■ Problem statement
In this exercise, print only the lines of the records below from the one with "Apartamento à venda" through the one with "Μέγιστη ροπή 1500-2000Nm", inclusive. Pictures are not part of the copy.
= = = = = = =
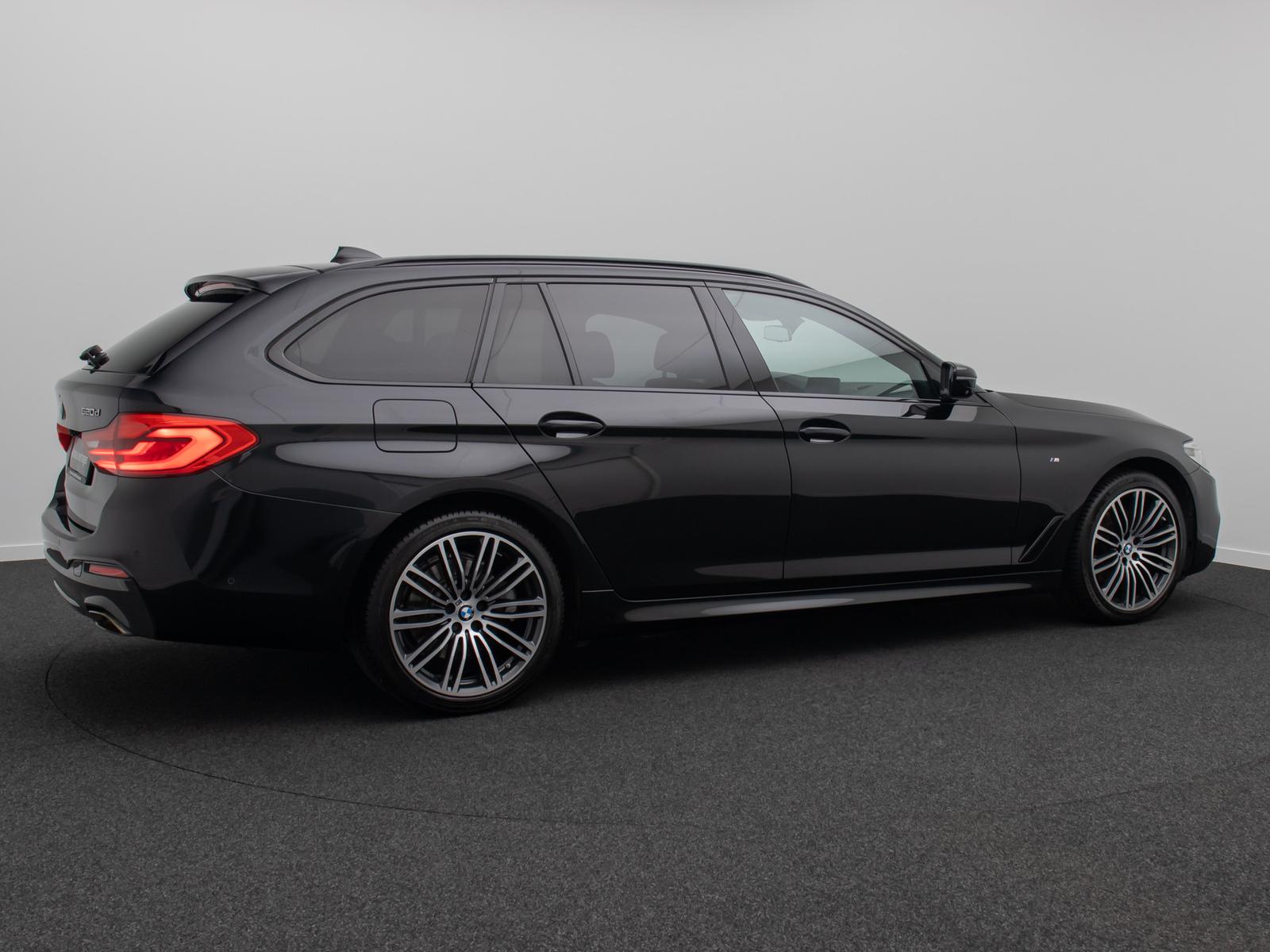 BMW 520d xD M Sport Individual 360°HUD HiFi Panorama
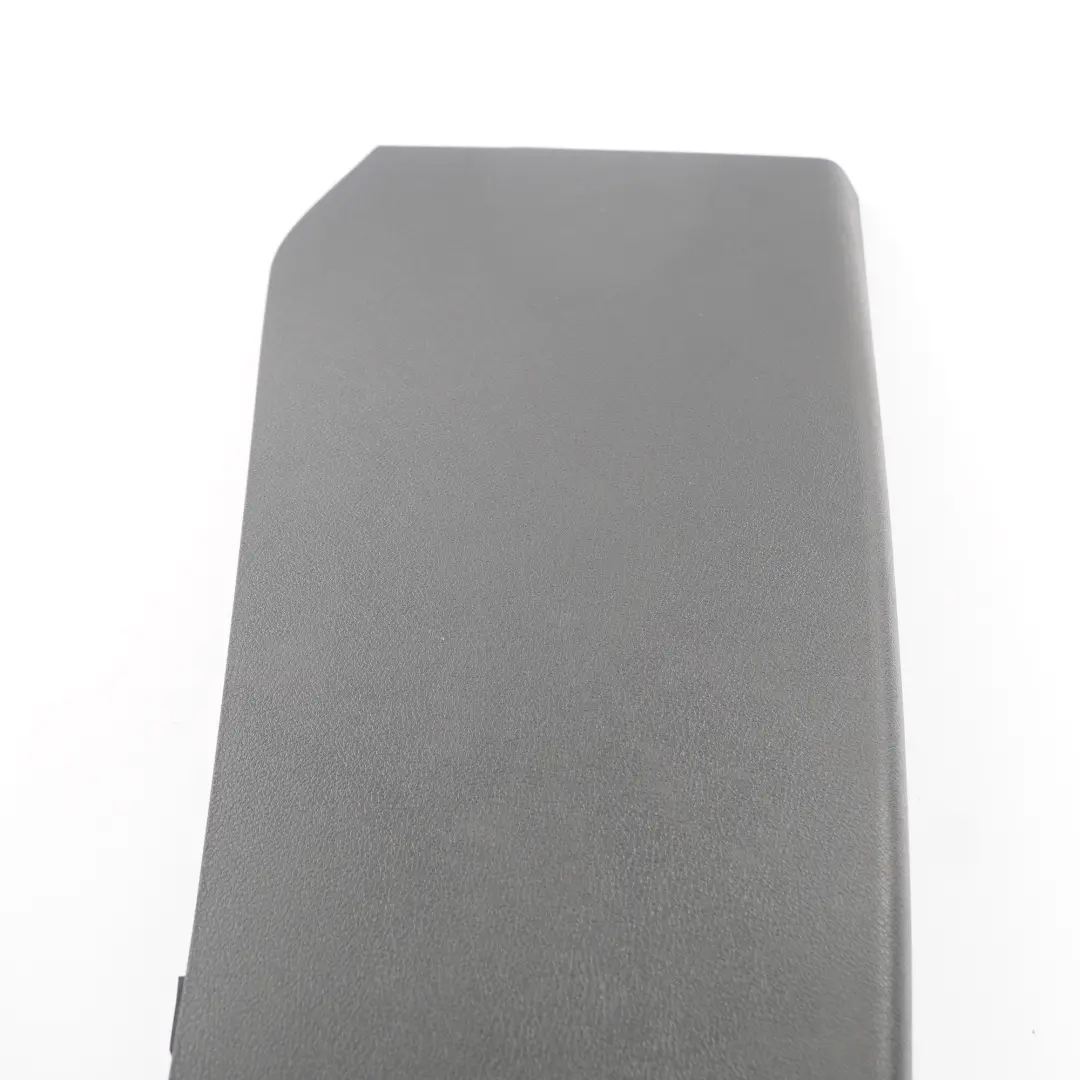 Opel Vivaro B Recubrimiento Panel Columna Derecha Pilar B Superior - SKU 93868792 - Número de pieza 93868792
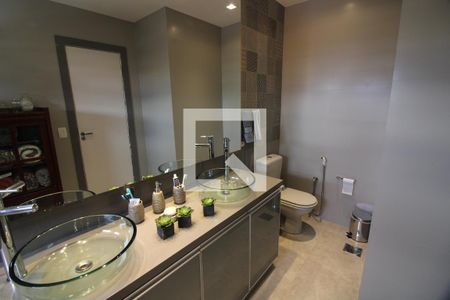 Apartamento à venda com 307m², 4 quartos e 3 vagasBanheiro da Suíte 1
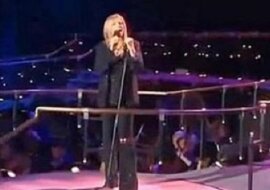 Barbara Streisand śpiewa Memory z musicalu Koty, nagle dołącza do niej Susan Boyle i mam ciarki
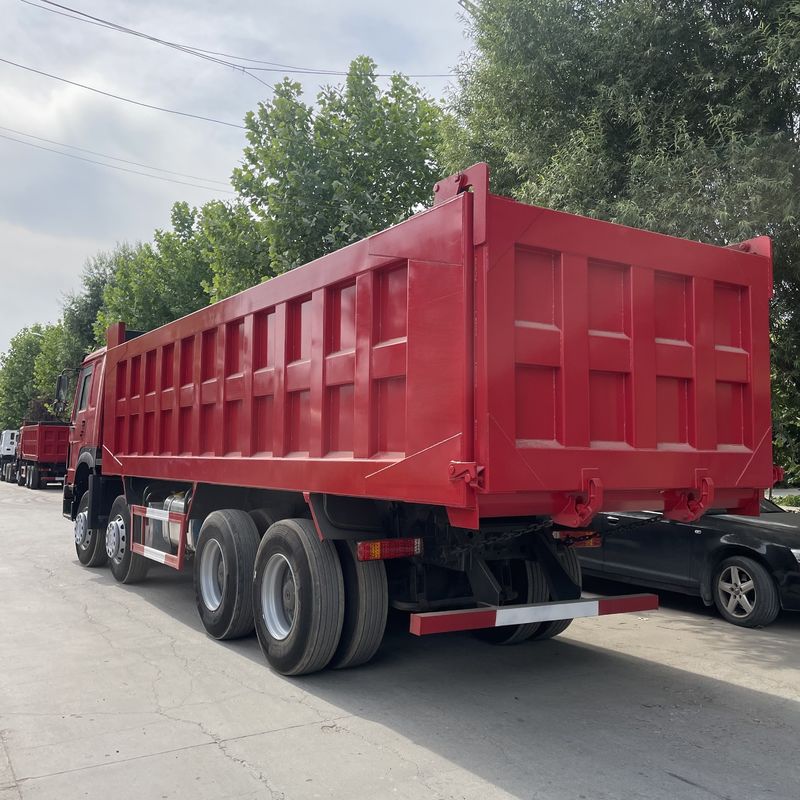 Μέγιστη ροπή 1500-2000Nm SINO TRUCK Χρησιμοποιείται HOWO 8*4 βαρύ φορτηγό απορριμμάτων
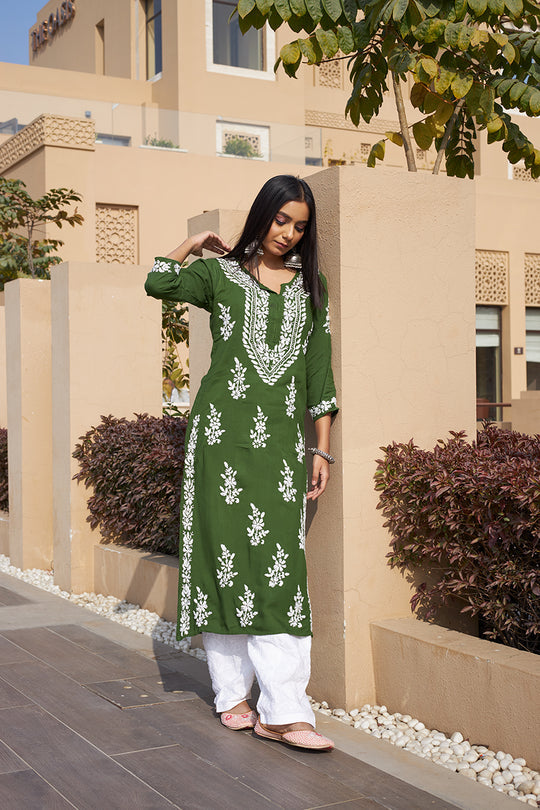 Rangreza Ethnic Liya Chikankari Rayon Kurta Green - Distacart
= = = = = = =
■ Solution
 Apartamento à venda com 307m², 4 quartos e 3 vagasBanheiro da Suíte 1
 Barbara Streisand śpiewa Memory z musicalu Koty, nagle dołącza do niej Susan Boyle i mam ciarki
 Μέγιστη ροπή 1500-2000Nm SINO TRUCK Χρησιμοποιείται HOWO 8*4 βαρύ φορτηγό απορριμμάτων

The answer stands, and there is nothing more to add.